Description of the task —
Using only the entries below, output the lines starting at the one containing "Building Photo - 8215 Skysail Ave" and ending at the one containing "Building Photo - 2", exactly and inclusive of both, omitting the pictures.

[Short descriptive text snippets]
________________________________________

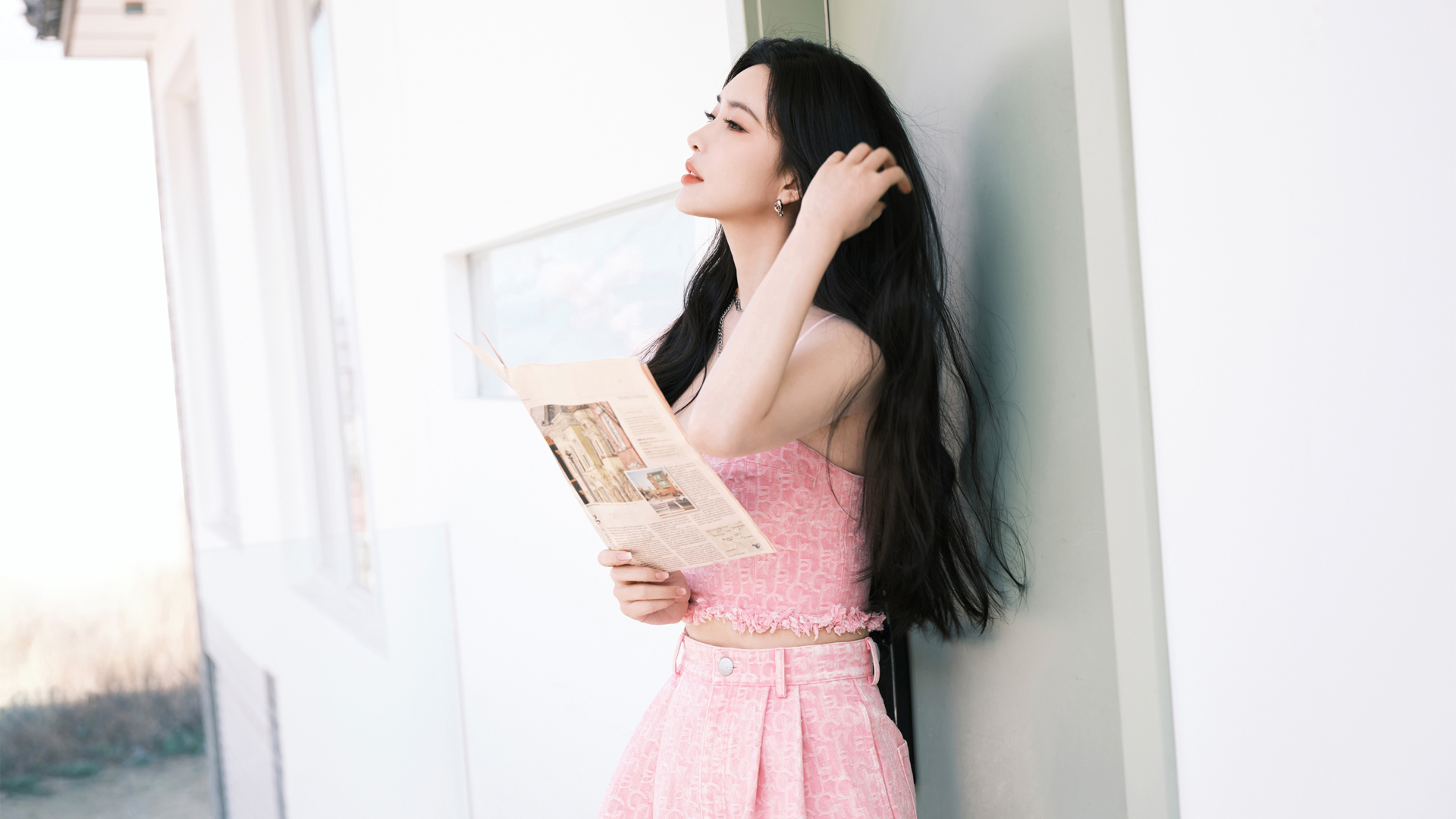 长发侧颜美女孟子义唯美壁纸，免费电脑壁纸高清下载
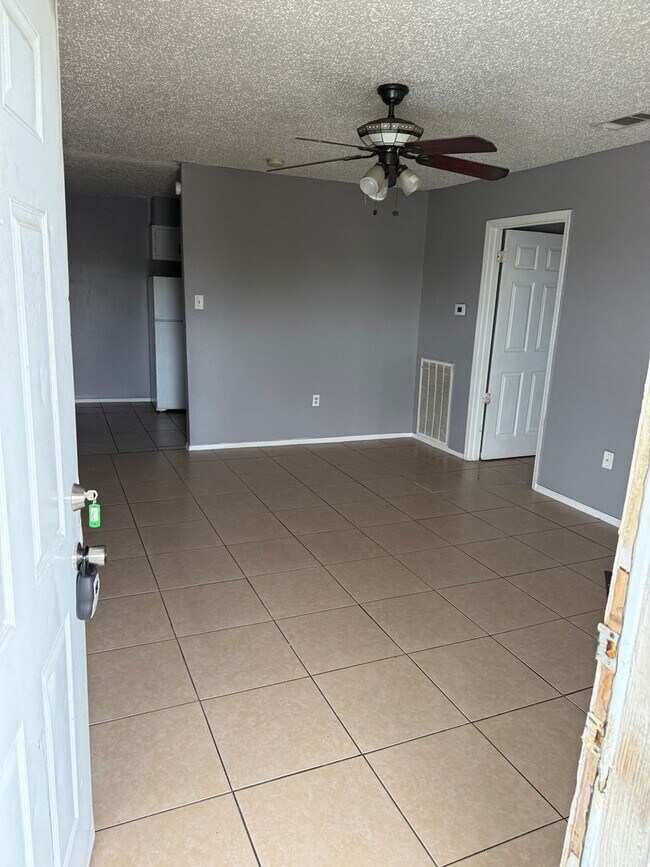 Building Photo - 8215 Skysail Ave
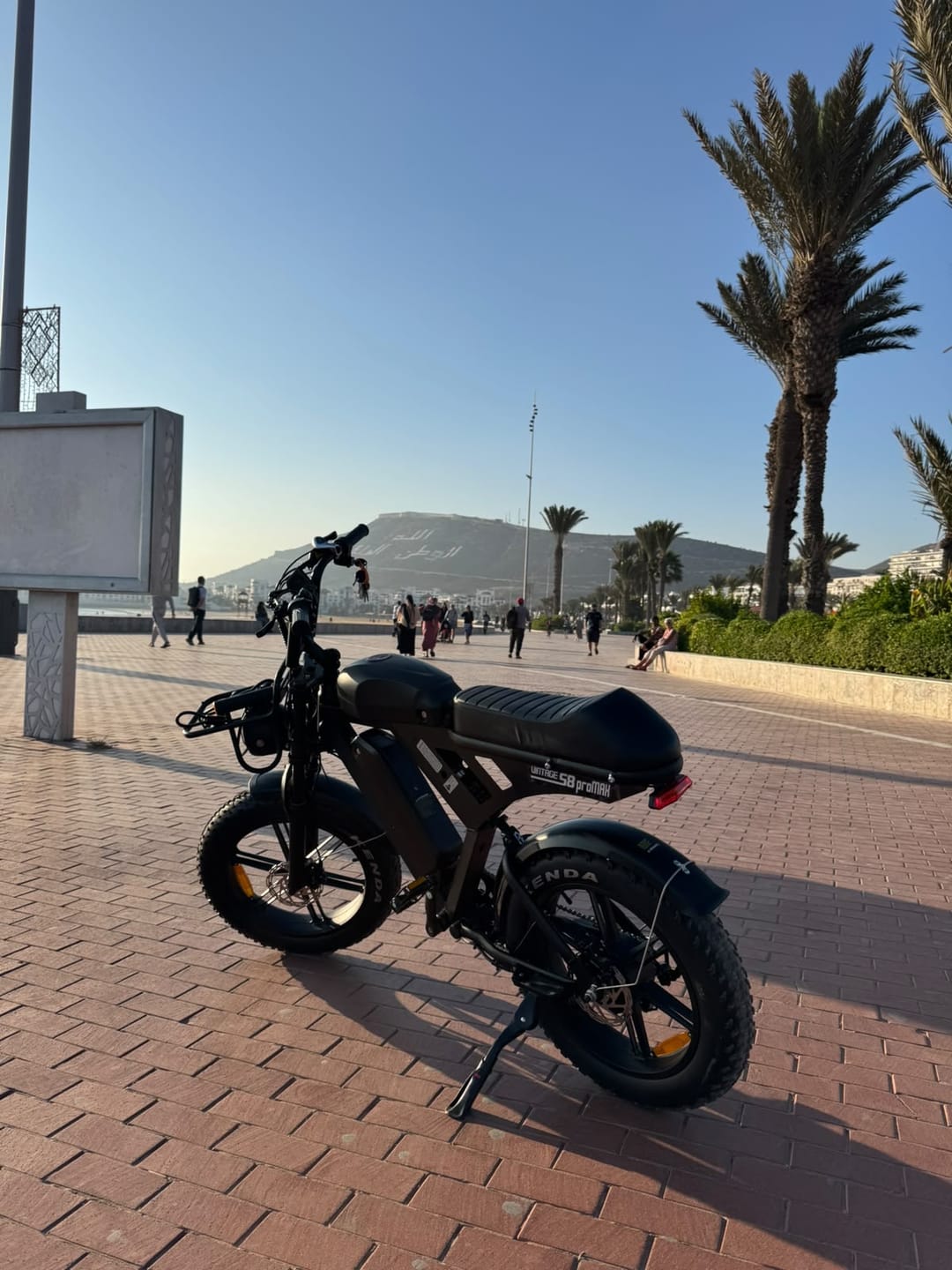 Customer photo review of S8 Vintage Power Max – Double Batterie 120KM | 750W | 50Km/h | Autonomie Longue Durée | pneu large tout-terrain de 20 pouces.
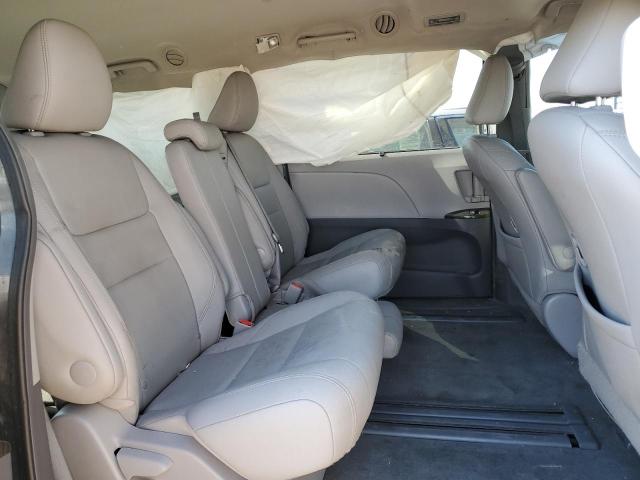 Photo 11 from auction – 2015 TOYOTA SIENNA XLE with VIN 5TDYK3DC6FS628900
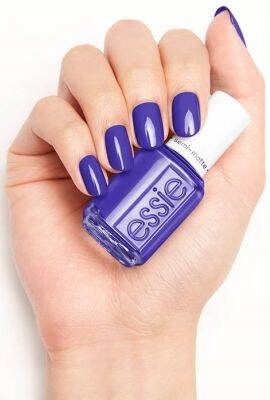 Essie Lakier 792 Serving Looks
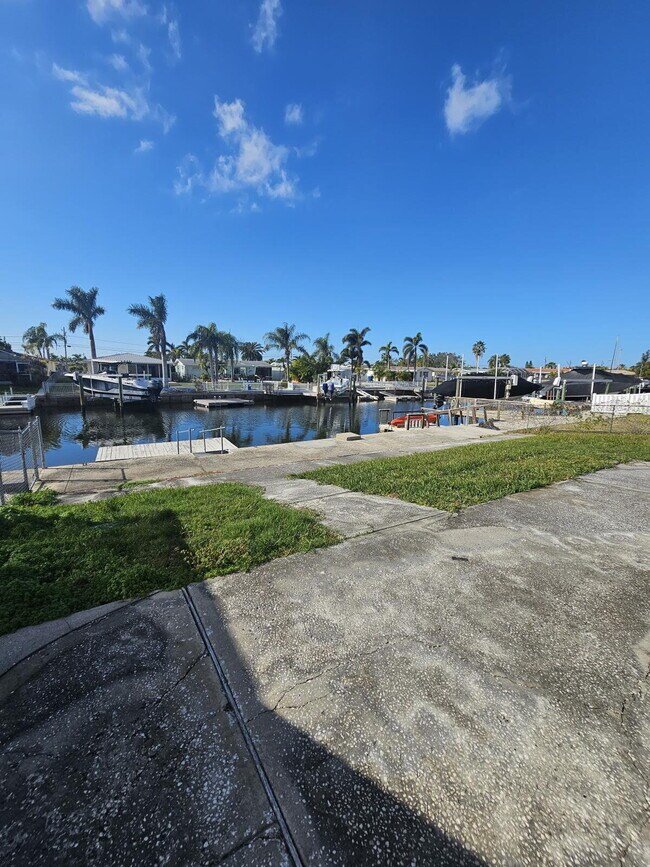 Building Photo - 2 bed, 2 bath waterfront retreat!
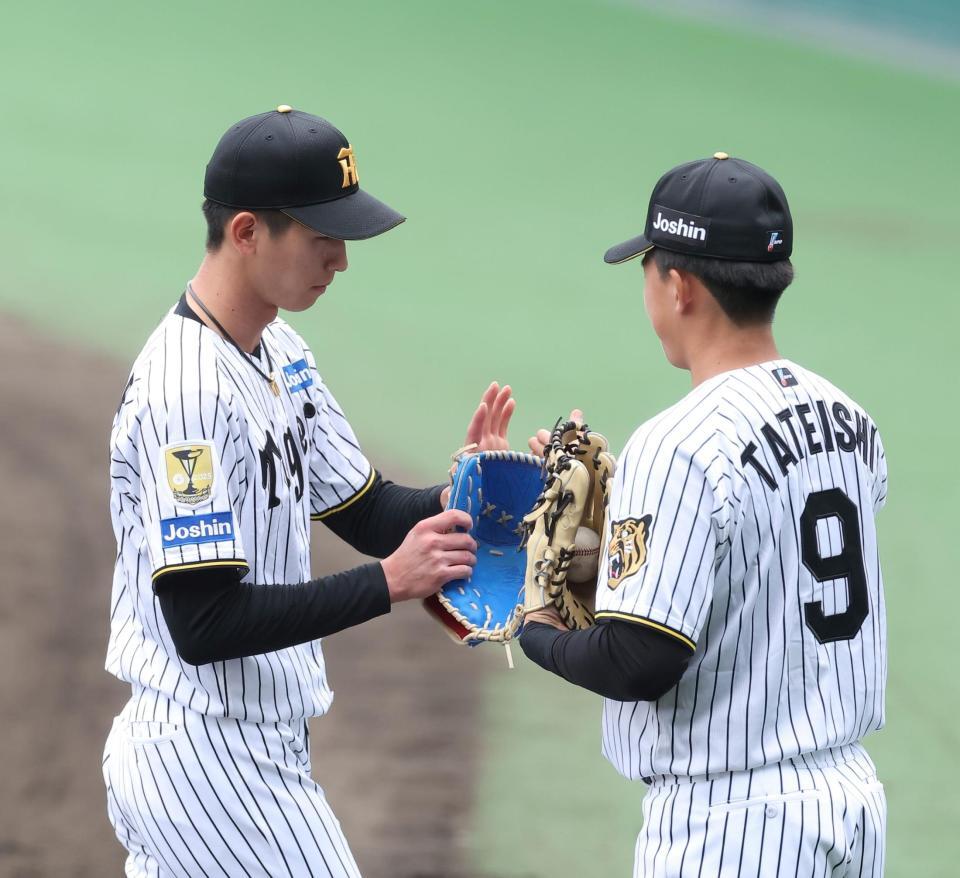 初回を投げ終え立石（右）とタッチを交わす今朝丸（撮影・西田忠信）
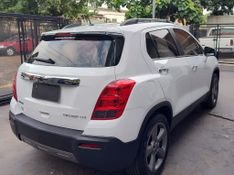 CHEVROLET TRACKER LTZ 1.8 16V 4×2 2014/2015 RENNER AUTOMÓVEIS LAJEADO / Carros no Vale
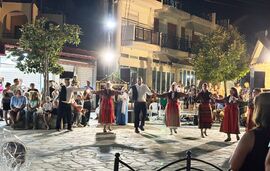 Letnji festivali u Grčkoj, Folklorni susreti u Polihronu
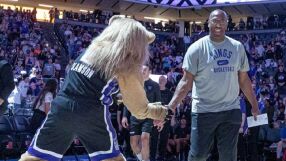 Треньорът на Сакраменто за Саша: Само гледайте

________________________________________

Result below —
 Building Photo - 8215 Skysail Ave
 Customer photo review of S8 Vintage Power Max – Double Batterie 120KM | 750W | 50Km/h | Autonomie Longue Durée | pneu large tout-terrain de 20 pouces.
 Photo 11 from auction – 2015 TOYOTA SIENNA XLE with VIN 5TDYK3DC6FS628900
 Essie Lakier 792 Serving Looks
 Building Photo - 2 bed, 2 bath waterfront retreat!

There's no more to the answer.